A scan with malwarebytes has found this:
Quote
File rilevati: 6
C:\masm32\topgun.exe (Trojan.Dropper.PGen) -> Spostato in quarantena ed eliminato con successo.
C:\masm32\examples\exampl03\lcd\lcd.exe (Trojan.Downloader) -> Spostato in quarantena ed eliminato con successo.
C:\masm32\Masm32_examples\exampl05\enumkeys\enum.exe (Trojan.Downloader) -> Spostato in quarantena ed eliminato con successo.
C:\masm32\Masm32_examples\exampl05\lcd\lcd.exe (Trojan.Downloader) -> Spostato in quarantena ed eliminato con successo.
C:\masm32\Masm32_examples\exampl06\treedemo\treedemo.exe (Trojan.Downloader) -> Spostato in quarantena ed eliminato con successo.
C:\Windows\Setup\scripts\faXcooL.exe (HackTool.Wpakill) -> Spostato in quarantena ed eliminato con successo.
I've quarantined the files for the time being, but it is strange
most of the infected files on Masm32 examples.
I'll check other disks as well and see what I find.

Frank
There are only two days a year when you can't do anything: one is called yesterday, the other is called tomorrow, so today is the right day to love, believe, do and, above all, live.

Dalai Lama

dedndave

the masm32 files - you can ignore (malwarebytes has that option)

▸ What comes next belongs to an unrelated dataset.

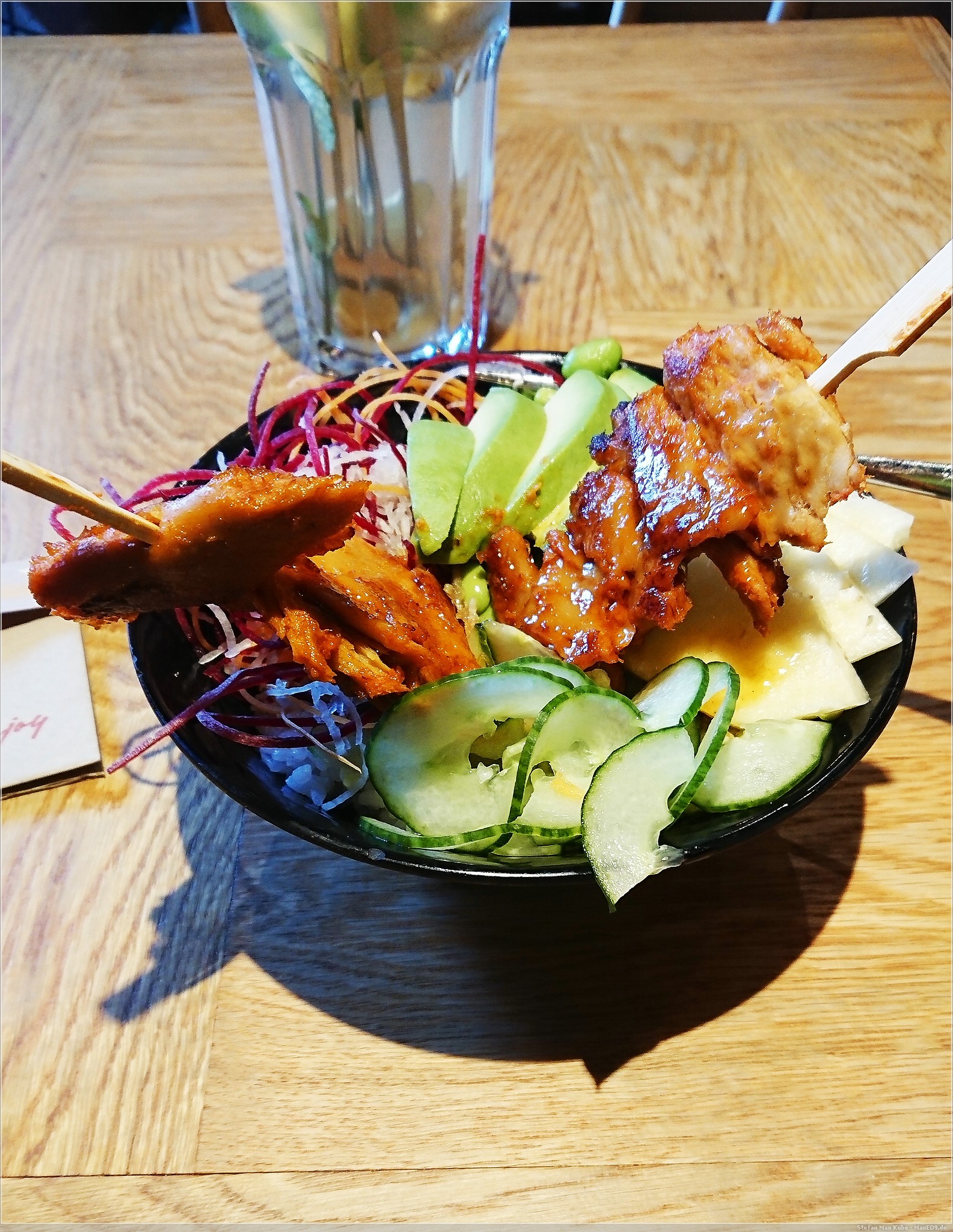 lecker Essen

the last one seems to be a WPA work-around
not sure you want to delete that, either - lol

frktons

Same thing on disk F:
Quote
File rilevati: 5
F:\masm32\topgun.exe (Trojan.Dropper.PGen) -> Spostato in quarantena ed eliminato con successo.
F:\masm32\examples\exampl03\lcd\lcd.exe (Trojan.Downloader) -> Spostato in quarantena ed eliminato con successo.
F:\masm32\Masm32_examples\exampl05\enumkeys\enum.exe (Trojan.Downloader) -> Spostato in quarantena ed eliminato con successo.
F:\masm32\Masm32_examples\exampl05\lcd\lcd.exe (Trojan.Downloader) -> Spostato in quarantena ed eliminato con successo.
F:\masm32\Masm32_examples\exampl06\treedemo\treedemo.exe (Trojan.Downloader) -> Spostato in quarantena ed eliminato con successo.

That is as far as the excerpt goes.